Re: OT: Re: FYA: http://heartbleed.com/

2014-04-23 Thread Ralph Siegler
On Thu, 10 Apr 2014 03:44:26 +, Ralph W Siegler wrote:

> Stuart Henderson  spacehopper.org> writes:
> 
> 
>> On 2014-04-09, sven falempin  gmail.com> wrote:
>> > i which this : https://polarssl.org was open and inside the base
>> 
>> You can wish, but that is commercial+GPL code so OpenBSD can't use it
>> in base.
> 
> What I would wish for is the OpenSSH project to expand to become the
> OpenSSH/SSL project.  I'll take  a 'correct and slow' transport layer
> security over 'fast and bypassing my OS's memory protection features'
> transport layer security any day.   Such a scope would seem to be within
> the purview of securing communications.

Dang, I got my wish with the LibreSSL project!  Another donation coming 
up!



Re: OT: Re: FYA: http://heartbleed.com/

2014-04-09 Thread noah pugsley
On Wed, Apr 9, 2014 at 10:25 PM, Theo de Raadt wrote:

> > The problem with that as I see it is that people will complain about
> > not being able to donate to a specific subset of the project.

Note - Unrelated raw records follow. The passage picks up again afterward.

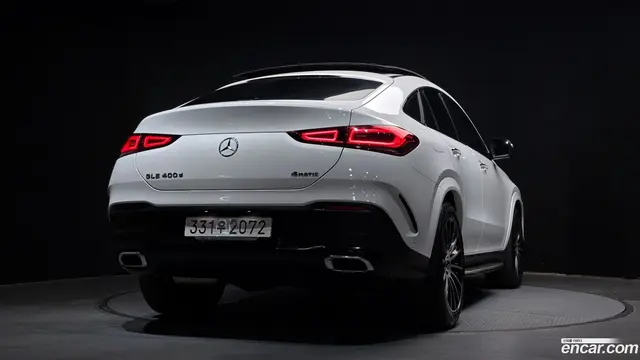 Main__Slider__Photo:GLE-Class Mercedes-Benz 2022.5-1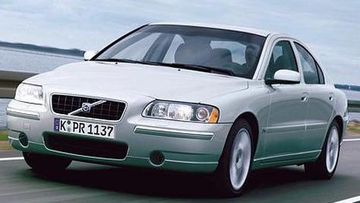 Volvo S60 2.4 T specs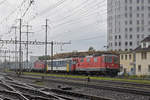 Zuckerrüben Zug, mit der Re 4/4 II 11134, dem RBe 540 074-2 und der Re 4/4 II 11154, durchfährt bei starkem Regen den Bahnhof Pratteln.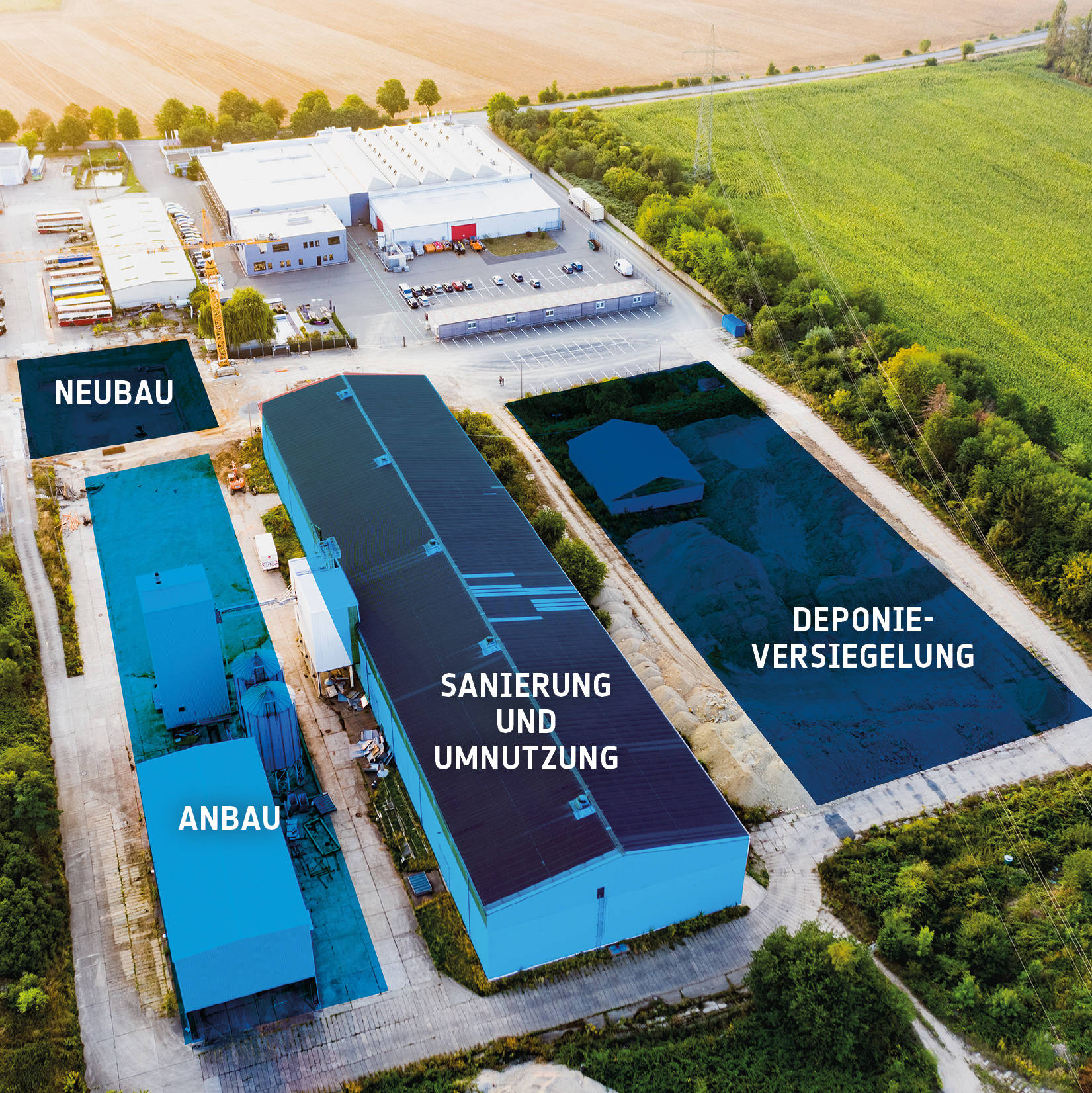 Luftbild eines Industriegebiets mit Plänen für Neubau, Anbau sowie Sanierung und Umnutzung. Rechts ein Bereich zur Deponieversiegelung.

As
> > with OpenSSH in the past and probably present. The same way many
> > complained before the foundation existed about paying Theo's power
> > bill and humble salary. [...]
>
> A correction is due here.
>
> My salary is only a sub-set of the CD sales.  That is a result of the
> bi-annual release engineering.
>
> In years past, the CD revenue beyond my salary was used to fund
> hackathons, network, and the electricity.  That decreased as time went
> by.  Until there was little left.
>
> Then the Foundation came along.
>
> So, regarding your paragraph:  donations were not for my salary.
>

Sorry if I wasn't clear. I kind of muddled the two together. I do
understand that. It's why I stated 'before the foundation existed'. If my
memory serves me it was a point of contention that cd sales and whatever
meager direct donations went into a big pot, most of which is for what you
described, the rest for you and that it wasn't tax deductible.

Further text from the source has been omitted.